TASK DESCRIPTION: Print the lines below word for word, beginning with the first and ending with the line that holds "A room with", and skip every picture.

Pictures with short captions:
═══

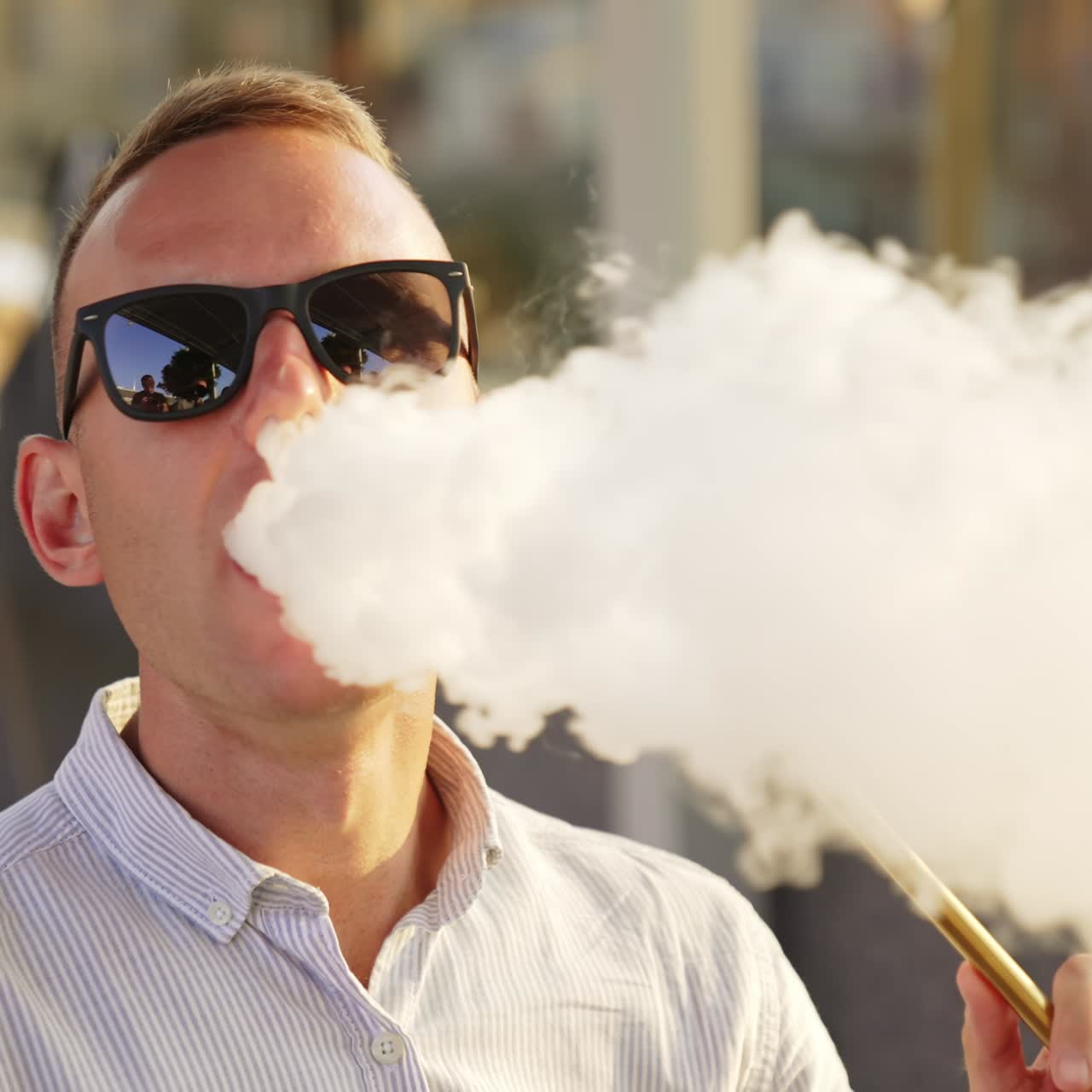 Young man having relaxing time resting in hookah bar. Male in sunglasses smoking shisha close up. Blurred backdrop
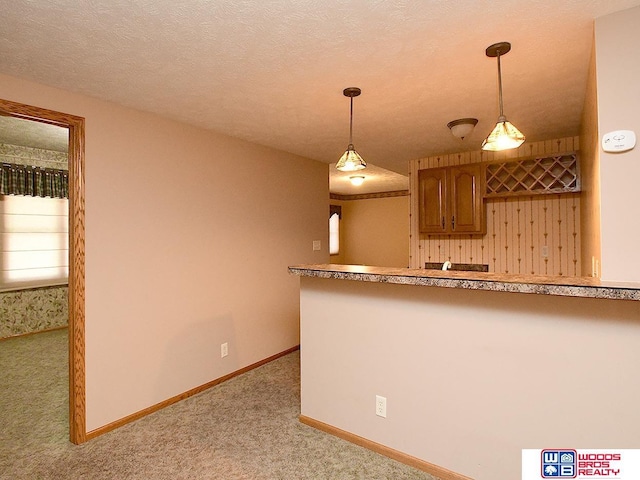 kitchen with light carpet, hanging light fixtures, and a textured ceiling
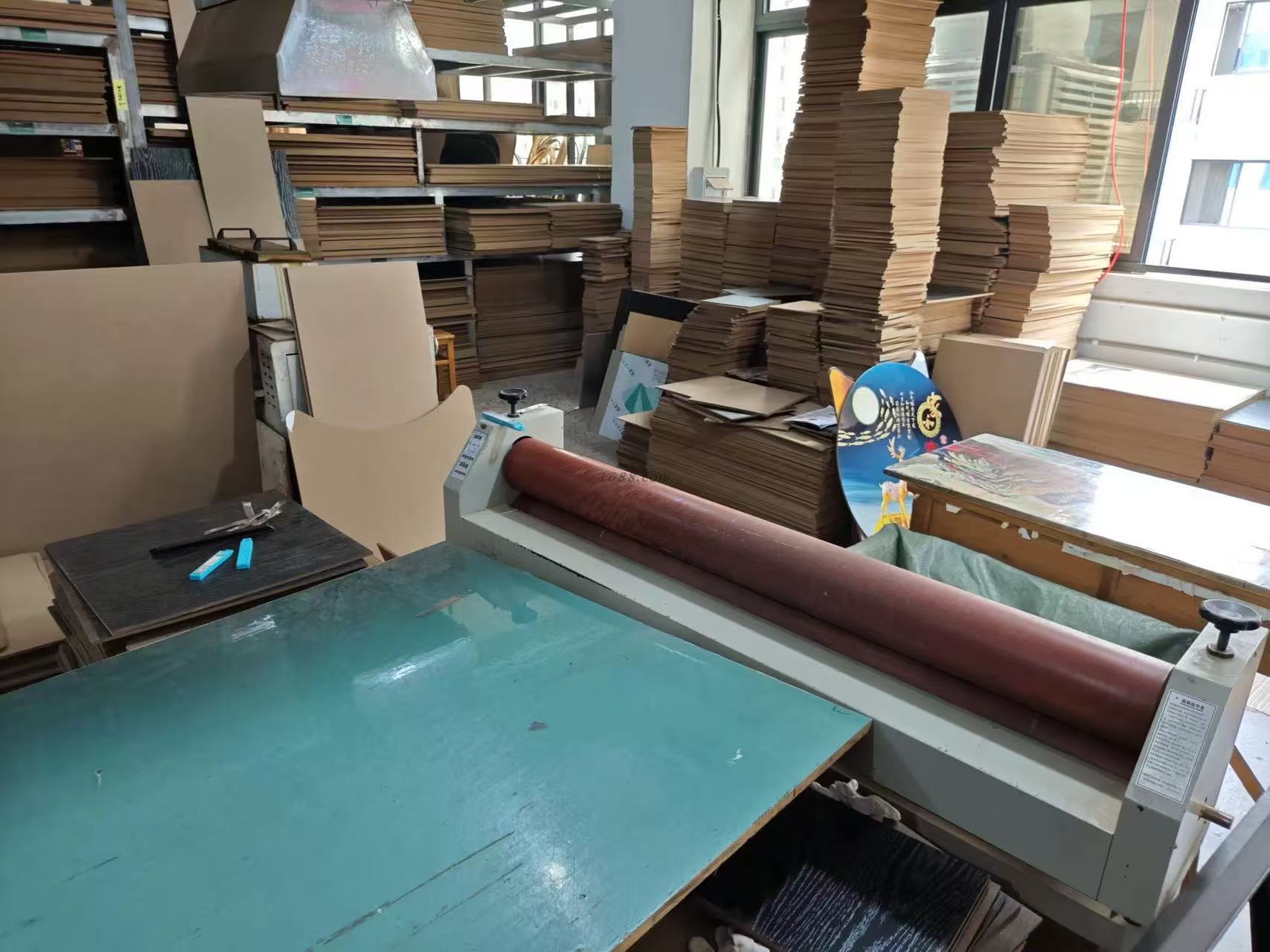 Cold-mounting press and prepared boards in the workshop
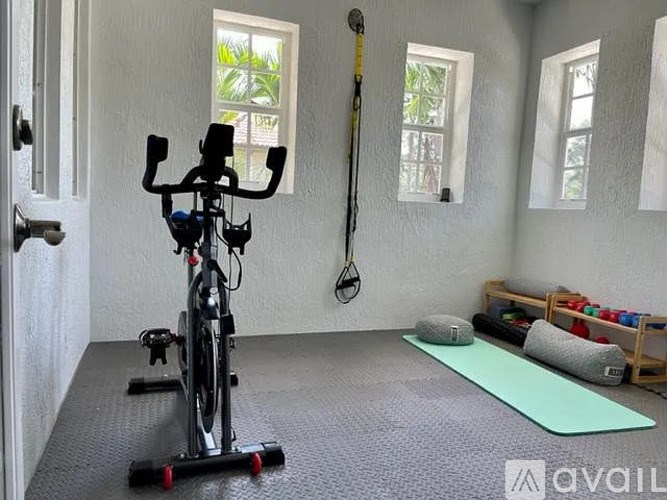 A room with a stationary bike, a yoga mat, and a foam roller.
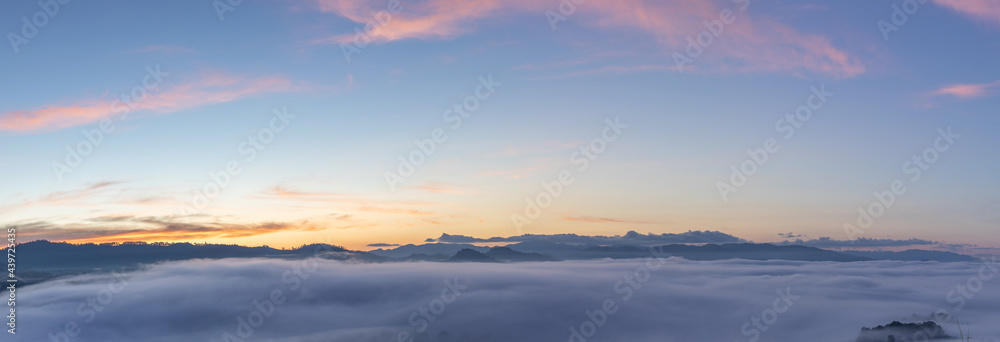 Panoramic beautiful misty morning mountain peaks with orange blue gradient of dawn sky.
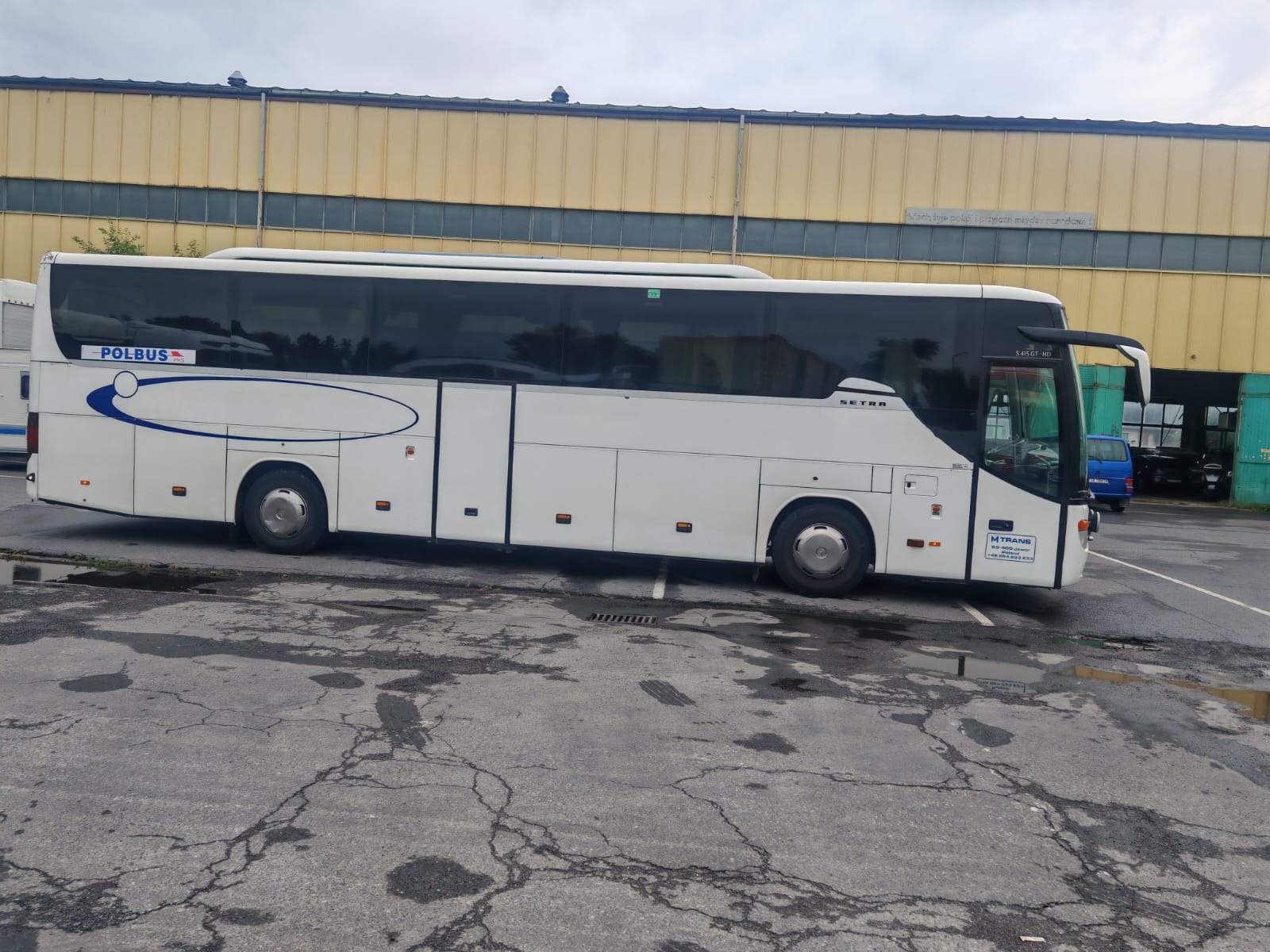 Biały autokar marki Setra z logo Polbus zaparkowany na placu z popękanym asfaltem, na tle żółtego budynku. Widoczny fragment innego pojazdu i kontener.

═══

EXERCISE RESPONSE:
 Young man having relaxing time resting in hookah bar. Male in sunglasses smoking shisha close up. Blurred backdrop
 kitchen with light carpet, hanging light fixtures, and a textured ceiling
 Cold-mounting press and prepared boards in the workshop
 A room with a stationary bike, a yoga mat, and a foam roller.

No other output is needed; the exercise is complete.